#### RECORDS TO USE ####
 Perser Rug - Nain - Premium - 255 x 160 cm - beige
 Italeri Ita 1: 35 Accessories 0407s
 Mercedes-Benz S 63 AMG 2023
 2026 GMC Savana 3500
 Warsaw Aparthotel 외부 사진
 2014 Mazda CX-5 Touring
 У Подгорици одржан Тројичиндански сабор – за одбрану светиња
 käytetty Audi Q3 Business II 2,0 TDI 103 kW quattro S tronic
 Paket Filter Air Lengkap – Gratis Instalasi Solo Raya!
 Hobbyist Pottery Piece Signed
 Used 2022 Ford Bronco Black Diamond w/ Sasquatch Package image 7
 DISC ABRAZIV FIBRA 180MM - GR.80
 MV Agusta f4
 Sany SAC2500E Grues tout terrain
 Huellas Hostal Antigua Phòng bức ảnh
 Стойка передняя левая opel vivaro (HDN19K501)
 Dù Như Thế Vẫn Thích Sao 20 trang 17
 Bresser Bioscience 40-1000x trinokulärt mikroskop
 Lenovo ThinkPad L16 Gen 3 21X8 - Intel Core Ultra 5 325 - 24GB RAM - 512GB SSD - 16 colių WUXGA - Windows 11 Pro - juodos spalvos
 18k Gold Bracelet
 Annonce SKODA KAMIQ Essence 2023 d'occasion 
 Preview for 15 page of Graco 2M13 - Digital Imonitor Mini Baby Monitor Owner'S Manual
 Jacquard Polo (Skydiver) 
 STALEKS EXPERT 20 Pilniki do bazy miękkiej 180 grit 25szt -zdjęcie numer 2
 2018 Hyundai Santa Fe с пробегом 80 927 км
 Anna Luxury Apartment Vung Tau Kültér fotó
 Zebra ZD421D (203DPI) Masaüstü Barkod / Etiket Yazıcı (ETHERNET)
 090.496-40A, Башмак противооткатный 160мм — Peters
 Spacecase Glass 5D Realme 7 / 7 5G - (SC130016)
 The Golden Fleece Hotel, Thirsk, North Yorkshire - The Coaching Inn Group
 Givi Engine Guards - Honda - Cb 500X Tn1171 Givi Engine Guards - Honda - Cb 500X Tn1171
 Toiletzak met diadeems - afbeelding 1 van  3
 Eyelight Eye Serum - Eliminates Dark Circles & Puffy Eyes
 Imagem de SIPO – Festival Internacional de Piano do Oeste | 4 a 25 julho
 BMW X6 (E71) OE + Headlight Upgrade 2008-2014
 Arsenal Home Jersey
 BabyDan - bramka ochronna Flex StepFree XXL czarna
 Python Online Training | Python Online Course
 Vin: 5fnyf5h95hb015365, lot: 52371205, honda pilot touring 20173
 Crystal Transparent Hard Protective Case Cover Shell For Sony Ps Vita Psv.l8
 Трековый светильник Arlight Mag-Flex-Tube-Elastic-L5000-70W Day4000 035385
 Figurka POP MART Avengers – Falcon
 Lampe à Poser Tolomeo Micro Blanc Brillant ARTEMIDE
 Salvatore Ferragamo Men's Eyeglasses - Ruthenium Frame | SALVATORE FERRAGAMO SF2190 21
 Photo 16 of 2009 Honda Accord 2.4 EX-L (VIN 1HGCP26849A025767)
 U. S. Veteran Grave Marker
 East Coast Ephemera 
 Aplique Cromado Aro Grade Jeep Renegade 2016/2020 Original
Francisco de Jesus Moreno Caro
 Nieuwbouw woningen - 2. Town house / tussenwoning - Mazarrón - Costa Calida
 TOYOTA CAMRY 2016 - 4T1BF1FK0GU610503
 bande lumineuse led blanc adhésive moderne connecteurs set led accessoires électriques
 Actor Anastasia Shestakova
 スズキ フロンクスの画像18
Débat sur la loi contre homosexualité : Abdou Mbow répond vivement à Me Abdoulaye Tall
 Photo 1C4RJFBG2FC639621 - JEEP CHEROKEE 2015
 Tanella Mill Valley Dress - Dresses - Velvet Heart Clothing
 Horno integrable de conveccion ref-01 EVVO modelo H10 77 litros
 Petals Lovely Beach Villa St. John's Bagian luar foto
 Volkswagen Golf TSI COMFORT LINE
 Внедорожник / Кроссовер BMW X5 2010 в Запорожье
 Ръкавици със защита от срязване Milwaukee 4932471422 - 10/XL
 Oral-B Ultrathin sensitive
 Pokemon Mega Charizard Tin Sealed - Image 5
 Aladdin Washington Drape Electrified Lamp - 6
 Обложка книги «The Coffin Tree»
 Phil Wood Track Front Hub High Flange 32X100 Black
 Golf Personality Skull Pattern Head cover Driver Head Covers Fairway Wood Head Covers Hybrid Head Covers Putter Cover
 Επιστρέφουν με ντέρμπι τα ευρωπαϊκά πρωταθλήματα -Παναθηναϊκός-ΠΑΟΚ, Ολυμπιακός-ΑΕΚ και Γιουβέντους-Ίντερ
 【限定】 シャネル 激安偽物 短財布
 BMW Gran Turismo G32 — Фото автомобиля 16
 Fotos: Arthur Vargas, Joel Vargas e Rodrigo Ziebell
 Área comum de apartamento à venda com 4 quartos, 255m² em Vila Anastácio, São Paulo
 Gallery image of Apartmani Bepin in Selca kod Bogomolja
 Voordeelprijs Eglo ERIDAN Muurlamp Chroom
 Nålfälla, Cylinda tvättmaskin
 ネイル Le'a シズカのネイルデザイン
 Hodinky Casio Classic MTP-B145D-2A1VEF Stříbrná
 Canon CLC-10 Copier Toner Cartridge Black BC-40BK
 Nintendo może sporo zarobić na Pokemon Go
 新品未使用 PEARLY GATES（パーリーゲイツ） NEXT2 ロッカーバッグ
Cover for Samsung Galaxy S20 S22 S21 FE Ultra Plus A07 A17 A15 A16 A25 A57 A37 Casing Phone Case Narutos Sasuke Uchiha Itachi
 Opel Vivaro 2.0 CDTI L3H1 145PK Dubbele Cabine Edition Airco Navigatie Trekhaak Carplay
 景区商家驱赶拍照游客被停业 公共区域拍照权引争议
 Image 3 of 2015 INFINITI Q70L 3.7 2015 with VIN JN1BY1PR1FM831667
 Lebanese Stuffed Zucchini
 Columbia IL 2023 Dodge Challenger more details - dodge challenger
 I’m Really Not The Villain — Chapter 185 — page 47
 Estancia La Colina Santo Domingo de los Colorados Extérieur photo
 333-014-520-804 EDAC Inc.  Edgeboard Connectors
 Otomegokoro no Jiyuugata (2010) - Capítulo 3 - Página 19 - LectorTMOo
####
## WORK INSTRUCTION
Please transcribe, exactly and with nothing added, the lines from the first line of the material above through the line that contains "Preview for 15".

## ANSWER FOR THE TASK
 Perser Rug - Nain - Premium - 255 x 160 cm - beige
 Italeri Ita 1: 35 Accessories 0407s
 Mercedes-Benz S 63 AMG 2023
 2026 GMC Savana 3500
 Warsaw Aparthotel 외부 사진
 2014 Mazda CX-5 Touring
 У Подгорици одржан Тројичиндански сабор – за одбрану светиња
 käytetty Audi Q3 Business II 2,0 TDI 103 kW quattro S tronic
 Paket Filter Air Lengkap – Gratis Instalasi Solo Raya!
 Hobbyist Pottery Piece Signed
 Used 2022 Ford Bronco Black Diamond w/ Sasquatch Package image 7
 DISC ABRAZIV FIBRA 180MM - GR.80
 MV Agusta f4
 Sany SAC2500E Grues tout terrain
 Huellas Hostal Antigua Phòng bức ảnh
 Стойка передняя левая opel vivaro (HDN19K501)
 Dù Như Thế Vẫn Thích Sao 20 trang 17
 Bresser Bioscience 40-1000x trinokulärt mikroskop
 Lenovo ThinkPad L16 Gen 3 21X8 - Intel Core Ultra 5 325 - 24GB RAM - 512GB SSD - 16 colių WUXGA - Windows 11 Pro - juodos spalvos
 18k Gold Bracelet
 Annonce SKODA KAMIQ Essence 2023 d'occasion 
 Preview for 15 page of Graco 2M13 - Digital Imonitor Mini Baby Monitor Owner'S Manual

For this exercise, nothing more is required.